Screw theory offers a robust mathematical foundation for describing rigid body motions in robot technology, leveraging the geometric properties of mechanisms. According to Chasles’ theorem, any rigid body motion can be represented as a screw motion—a combination of rotation about an axis and translation along that axis. This representation avoids singularities and ensures continuity in kinematic models. The local POE method, in particular, defines joint screw coordinates in local frames, enhancing physical clarity. Key concepts include the Lie groups SO(3) and SE(3) for rotations and transformations, respectively, and their corresponding Lie algebras so(3) and se(3). A screw motion is described by a twist vector $\xi = (\omega^T, v^T)^T$, where $\omega$ is the unit direction vector of the rotation axis, and $v$ is the linear velocity component. The exponential map $e^{\hat{\xi} \theta}$ transforms a twist into a homogeneous transformation matrix, enabling concise kinematic modeling. For a revolute joint, the twist coordinates are $(\omega^T, (p \times \omega)^T)^T$, and for a prismatic joint, they are $(0_{1\times3}, v^T)^T$, where $p$ is a point on the axis. The local POE formula for a serial chain is given by $T = T_{i,1} \cdots T_{i,n}$, where each $T_{i,j} = e^{\hat{\xi}_{ij} q_{ij}}$ represents the transformation between consecutive local frames. This method’s elegance lies in its ability to handle complex parallel structures by simplifying them into equivalent serial chains, as demonstrated in the Delta robot’s case.

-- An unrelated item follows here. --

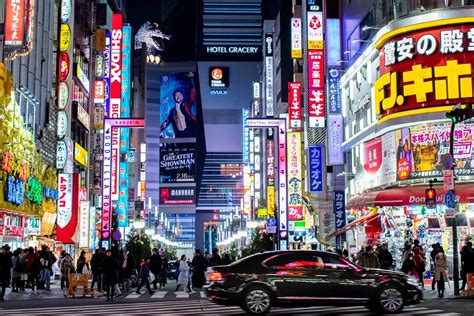 Tokyo at Night: Where to Go & What to Do | TouristSecrets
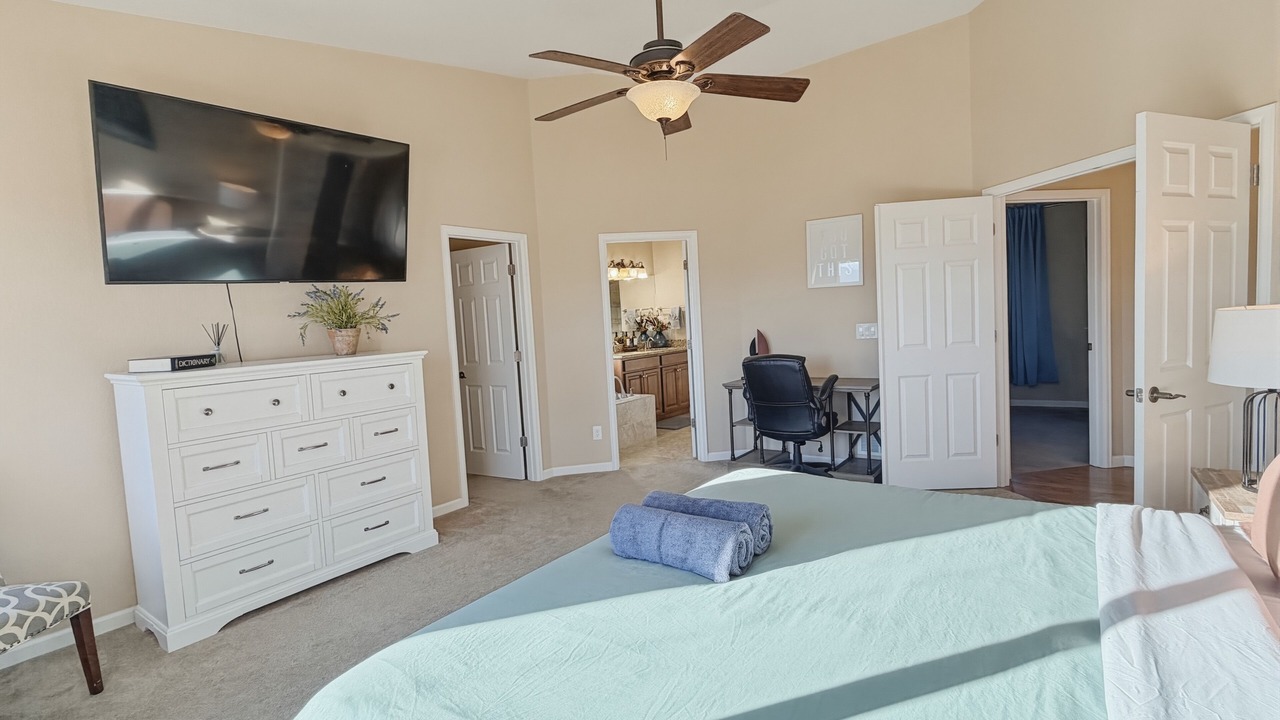 Photo of Bedroom in Gleneagle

The Delta robot features a symmetric design with three identical kinematic chains connecting a fixed base to a moving platform. Each chain consists of an active arm driven by a rotary actuator and a passive arm forming a parallelogram structure, which ensures the moving platform maintains constant orientation. To apply the local POE method, we simplify the parallelogram mechanism by equivalencing it to a serial chain, as the constrained motion reduces to a single degree of freedom. For chain $i$, local frames are established at each joint, from the base frame $\{L_0\}$ to the end-effector frame $\{L_{i,11}\}$. The transformation matrices include both structural and joint components, with twists derived from geometric parameters. The key parameters for the Delta robot are the active arm length $L_a$, passive arm length $L_b$, base platform radius $R$, moving platform radius $r$, actuation angles $\theta_i$, and orientation angles $\beta_i$. The forward kinematics for a single chain is expressed as $T = T_{i,1} \cdots T_{i,10} T_{i,11}$, where each $T_{i,j}$ is computed using the exponential map. For instance, the transformation due to a revolute joint with twist $\xi_{ij}$ and variable $q_{ij}$ is $e^{\hat{\xi}_{ij} q_{ij}} = \begin{bmatrix} e^{\hat{\omega}_{ij} q_{ij}} & (I_3 – e^{\hat{\omega}_{ij} q_{ij}})(\omega_{ij} \times v_{ij}) + q_{ij} \omega_{ij} \omega_{ij}^T v_{ij} \\ 0_{1\times3} & 1 \end{bmatrix}$ for $\omega \neq 0$, and for pure translation, it simplifies to $\begin{bmatrix} I_3 & q_{ij} v_{ij} \\ 0_{1\times3} & 1 \end{bmatrix}$. The symmetry of the Delta robot allows deriving twists for all chains from the first chain using rotation matrices, streamlining the model.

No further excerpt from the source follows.